«Валгаллы белое вино…» | страница 76
Мандельштам настойчиво подчеркивает пропасть, отделяющую Европейский Север, и в первую очередь Германию, от Юга, а Юг Мандельштама — средиземноморский мир, олицетворяющий и воплощающий в себе культуру и цивилизацию. И здесь поэт пользуется традиционной оппозицией между Севером и Югом и косвенно опирается на концепции де Сталь, ставшие столь значимыми для русского поэтического сознания начала XIX века: в том числе для Батюшкова и Тютчева[118]. В мандельштамовском разделении Севера и Юга можно усмотреть и перенос на германский мир чаадаевской идеи отлученности России от всемирной истории.

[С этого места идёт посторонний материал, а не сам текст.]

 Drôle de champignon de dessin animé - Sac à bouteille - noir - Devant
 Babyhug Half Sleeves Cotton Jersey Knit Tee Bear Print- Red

В соответствии со своими эстетико-религиозными пристрастиями, дихотомию Север — Юг подхватили и переработали символисты. Так, в своих работах, опубликованных в «Золотом руне» и «Весах» за 1907–1908 годы (то есть в период мандельштамовского заочного ученичества у Вяч. Иванова), Вяч. Иванов противопоставляет эллинско-латинскому миру «чуждый» ему «по крови и языку» варварский мир германства и славянства: «Великая стихия не-эллинства, варварства, живет отдельной жизнью рядом с миром стихии эллинской» («О веселом ремесле и умном веселии»; 1994: 66). С германством и славянством Иванов связывает свои культурософско-религиозные надежды на «варварское возрождение» (1994: 66–70)[119].
Акмеисты искали и пропагандировали не только кларизм, но и адамистскую первозданную мощь мировосприятия и его поэтической реализации. Для Мандельштама была актуальна не столько культурософская трактовка адамизма, принадлежащая С. Городецкому — учение о «новой земле» и о «новом Адаме» («Некоторые течения в современной русской поэзии»; 2002: 17–20), сколько поэтологическая концепция адамизма Н. Гумилева — «мужественно твердый и ясный взгляд на жизнь» («Наследие символизма и акмеизм»; 2002: 21). В разбираемом стихотворении Мандельштам претворяет заветы адамизма в жизнь, актуализируя в памяти читателя опыт использования русской поэзией начала XIX века германо-скандинавской и оссианической темы[120]. Северные скальды — воины, но в первую очередь рапсоды, певцы Севера. Культурософская медитация Мандельштама происходит не только в историко-мифологическом измерении; появление «скальдов» намекает на то, что в стихотворении присутствует и поэтологическое вопрошание.
Знаменательно исчезновение в третьей и четвертой строфах лирического «мы», доминировавшего в первой половине стихотворения, где Мандельштам четыре раза (!) употребляет местоимения первого лица множественного числа (ср. ст. 2, 4, 5, 8). Судя по всему, к сказанному в третьей и четвертой строфах поэт не решается присоединиться. Эта позиция по-своему корреспондирует с нерешительностью при вынесении поэтом приговора декабристам в концовке «Декабриста».